(Excerpts from a dataset)
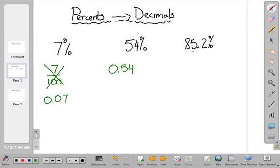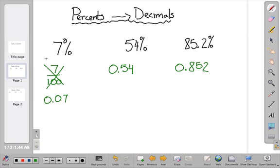We're going to do the same thing with 85 and 2 one-hundredths percent. The decimal point is right here between the 5 and the 2, so we're going to divide by 100, or move the decimal point over twice to the left — once, twice — so the decimal point is going to be in front of the 8. Our answer is going to be 0.8502. Remember, you just move the decimal point over twice, and if you have to, you can put zeros in as placeholders.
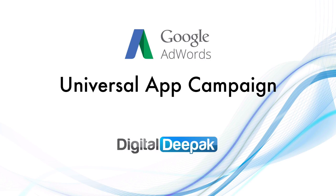Welcome to a video from digitaldeepak.com. In this video, we are going to learn how to run a Universal App Campaign on AdWords.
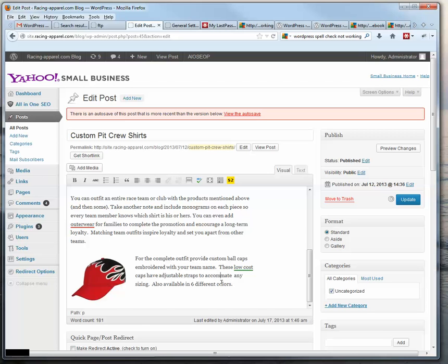Accommodate, I guess. Yeah, it still thinks it's wrong.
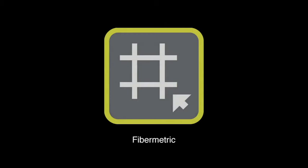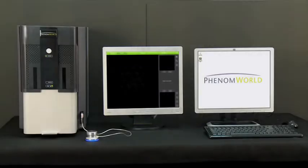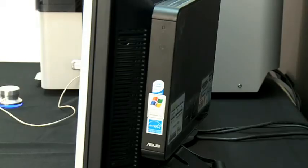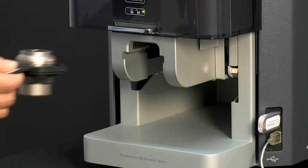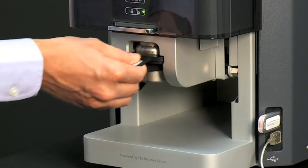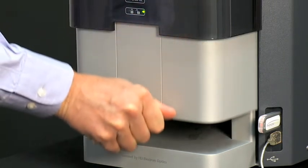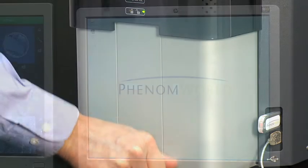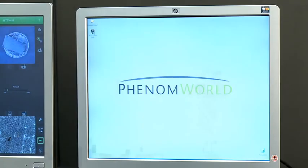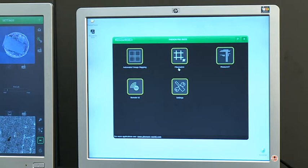Welcome to the PhenomWorld webcast on FiberMetric. The FiberMetric application software starts collecting data as soon as the fiber or filter sample is loaded. The FiberMetric application software can be found under the Phenom ProSuite, which is located on the Phenom application system.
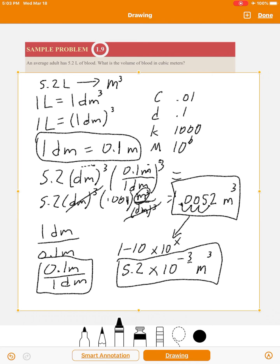So the final answer is 5.2 × 10⁻³ meters cubed — that's a small decimal number times 10 to the minus 3, with units of meters cubed. That's sample problem 1.9. As always, try the practice problems that follow — the A and B checkpoints as well.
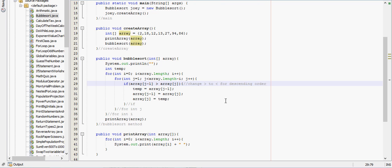I hope this video helped you understand bubble sort a little bit better. If you would like another video in Java, anything really, please let me know and I'll try to do that for you if I can. Thanks for watching.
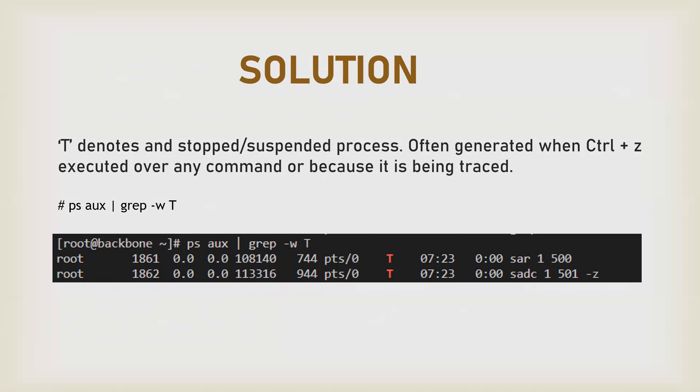And when you locate that process state, you will find it in T. So with this command you can also identify how many processes you have which are lying in a stopped or suspended state. Thank you very much.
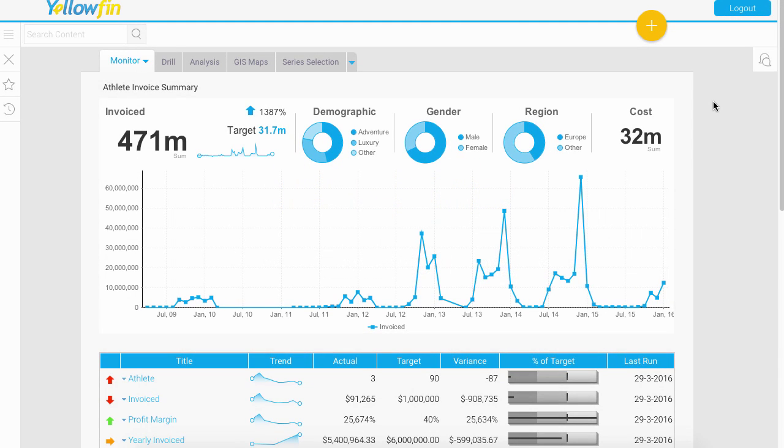Welcome to our video about an introduction to Timeline. Timeline is a collaboration feature within Yellowfin that allows you to track exactly what you've been interacting with and what your co-workers have been interacting with.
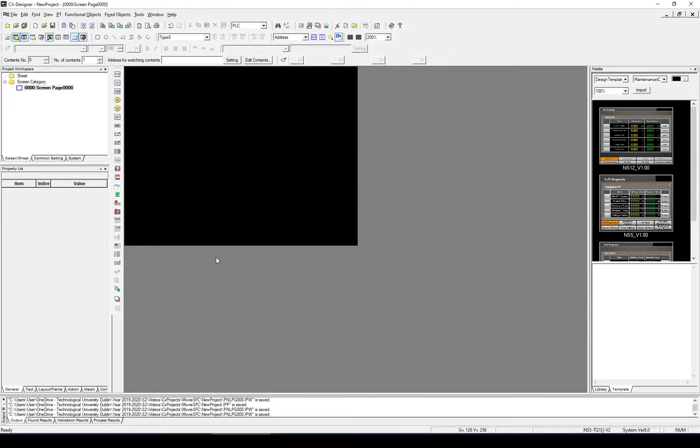Hello and welcome to this short tutorial. Today we're going to look at manipulating screens within CX Designer.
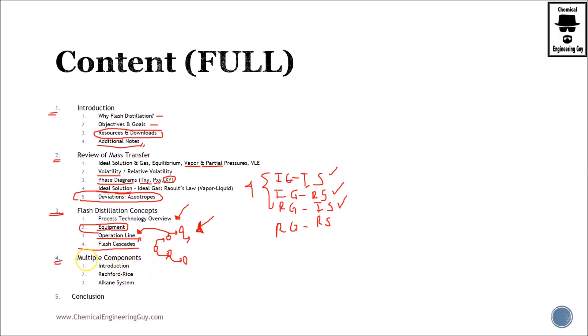Then we continue with multiple components flashing. The name implies here we use two components; here we will use three or more components. A brief introduction, Raoult's law, alkane systems and the Pfister charts, and some simulations and exercises as well.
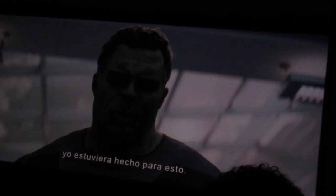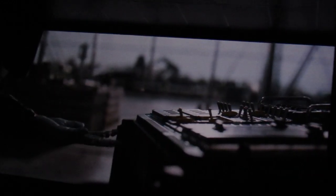I was made for this. Good to go? Yeah? Let's do it.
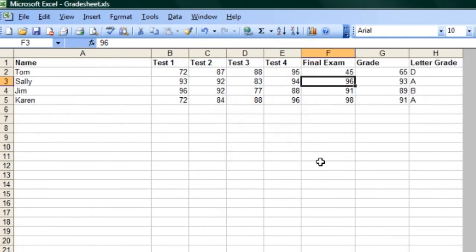And here's even a grade sheet. Now you can see in this grade sheet, we've got all kinds of things going on. We've got test scores, we've got a final exam, a grade, and even a letter grade.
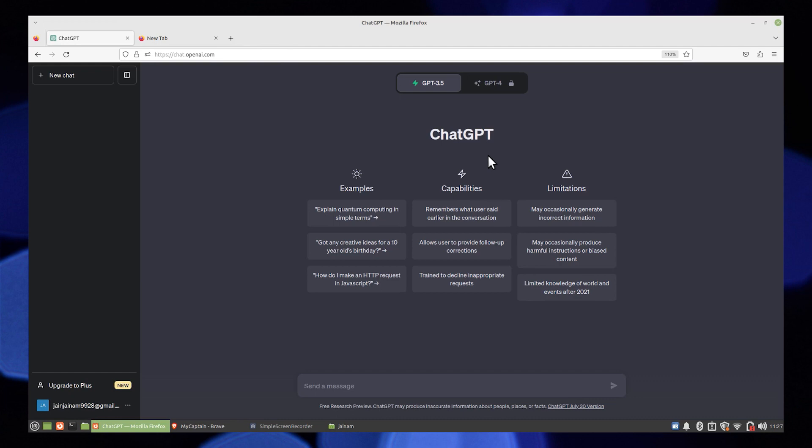Hi guys, welcome to How to Maximize. In this video, I will show you how to reactivate a ChatGPT account.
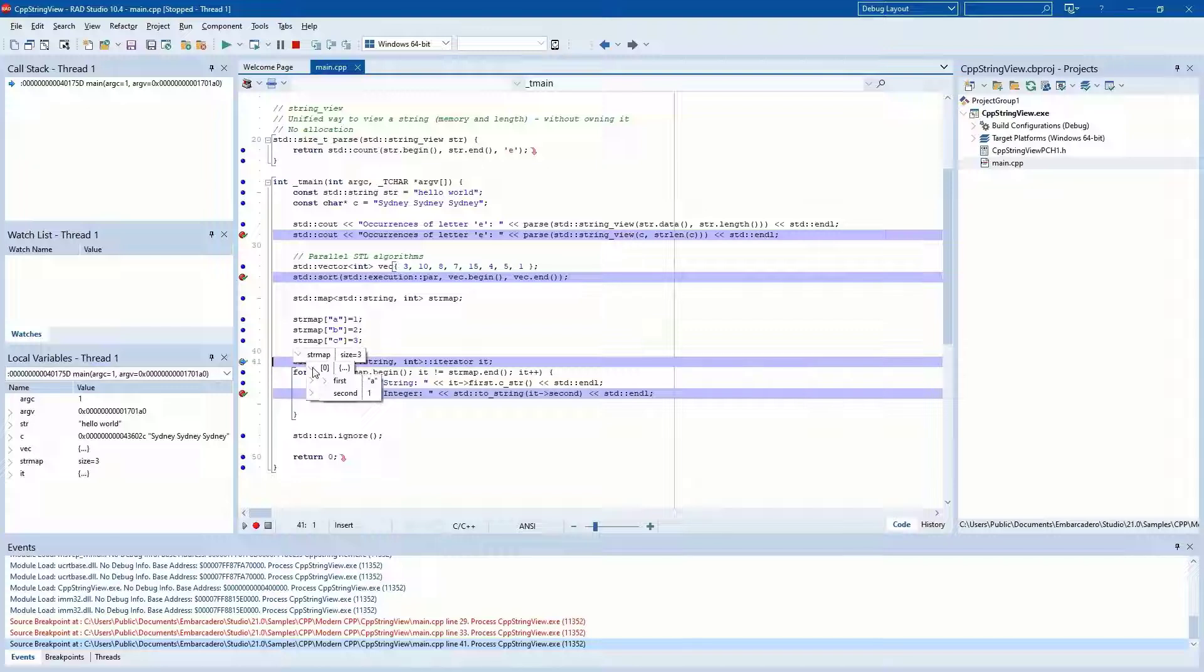Evaluation is shown in the debugger tooltip, evaluate, modify, watches, local variables, and more.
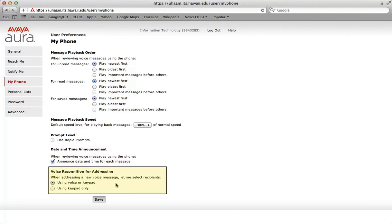Voice recognition for addressing: you are able to configure your setting if you want to use voice recognition and or the keypad to address your messages. Save your work before moving forward.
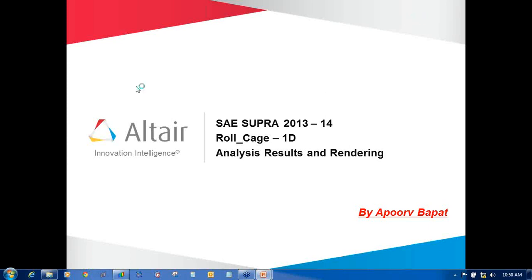Welcome to Altair Engineering training and support. In this video I am going to cover the SAE Supra 2013 or 2014 roll cage using 1D mesh, how to interpolate the results, how to do the rendering, and how to change the background images.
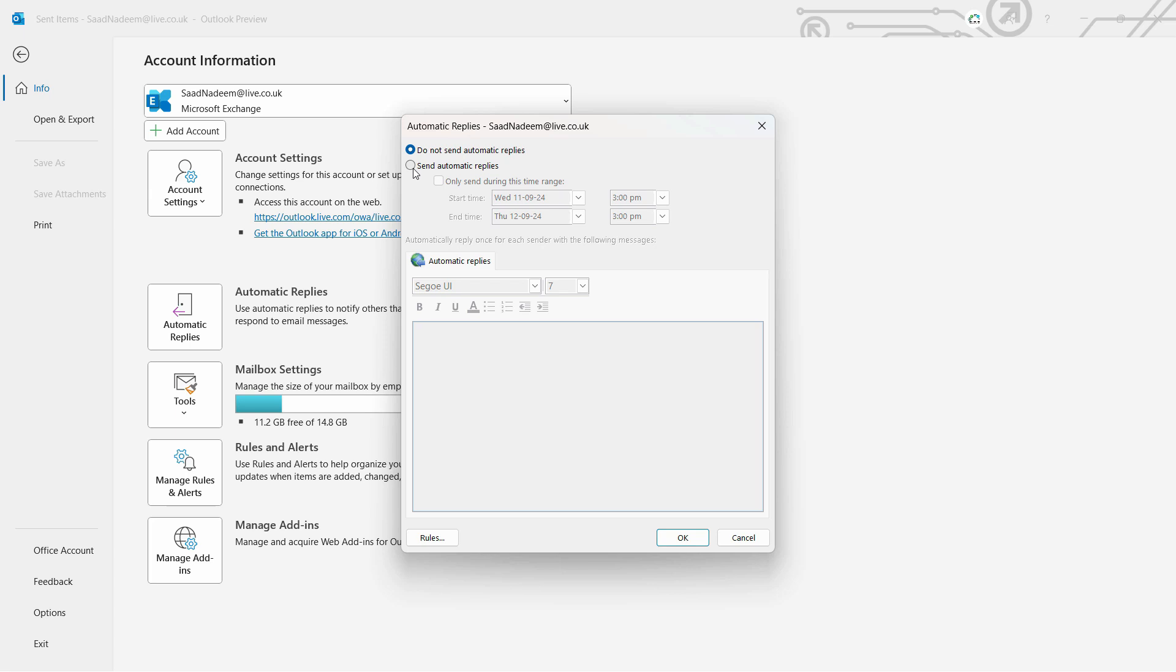want to send that, so I can change it to 'Send automatic replies.' Only send during this time range - you can set a particular time range if you want, for let's say one week or even for a day from 3 PM to 6 PM, whenever you're busy with your things.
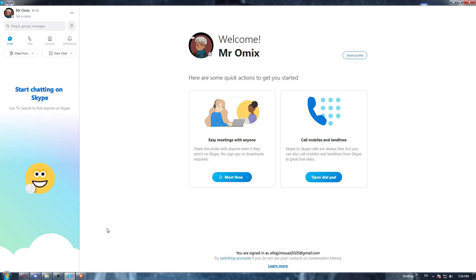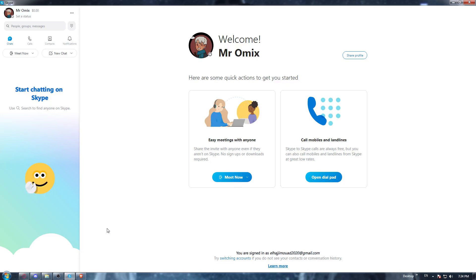Once you did that again, they will ask you to log in into your account. Of course, if you don't have an account, you will need to go and create one. And again, once you did one of those options, you will find yourself here with this homepage or this main screen.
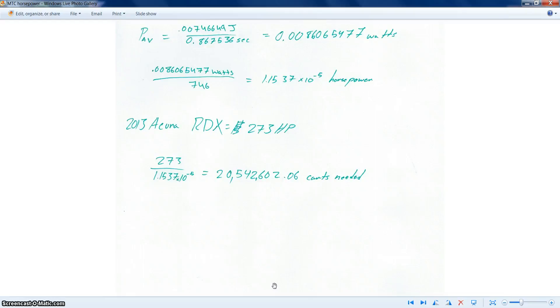From that, we converted watts by dividing by 746, which gave us 1.1537 times 10 to the negative 5 horsepower.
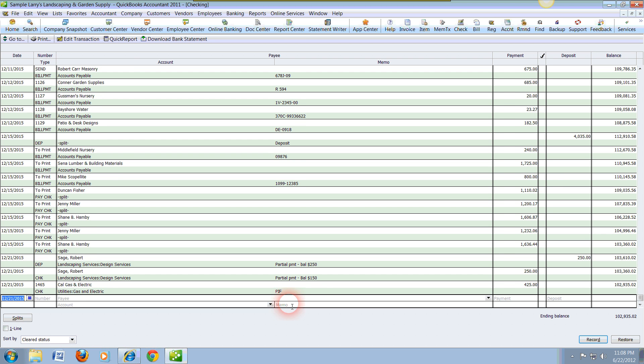So we can go ahead and enter that and record it, or we can always click here on the record button. Now this is how simple it is to actually record a customer payment.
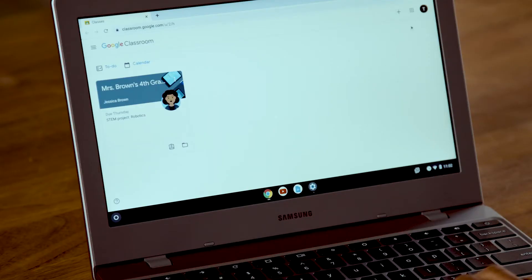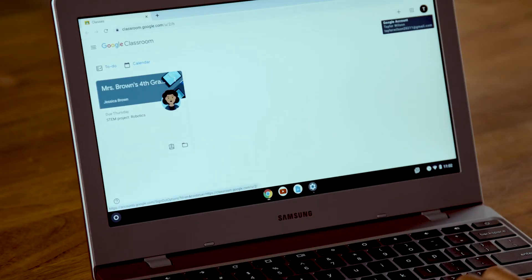When you open Classroom, check the user icon at the top right to be sure you're signed in under your child's school account.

**WHAT IS REQUIRED:** For the entries above, print exactly the lines between the one with "Welcome to a video" and the one with "So the final", inclusive, with no pictures.

**TASK SOLUTION:**
Welcome to a video from digitaldeepak.com. In this video, we are going to learn how to run a Universal App Campaign on AdWords.
Accommodate, I guess. Yeah, it still thinks it's wrong.
Welcome to the PhenomWorld webcast on FiberMetric. The FiberMetric application software starts collecting data as soon as the fiber or filter sample is loaded. The FiberMetric application software can be found under the Phenom ProSuite, which is located on the Phenom application system.
So the final answer is 5.2 × 10⁻³ meters cubed — that's a small decimal number times 10 to the minus 3, with units of meters cubed. That's sample problem 1.9. As always, try the practice problems that follow — the A and B checkpoints as well.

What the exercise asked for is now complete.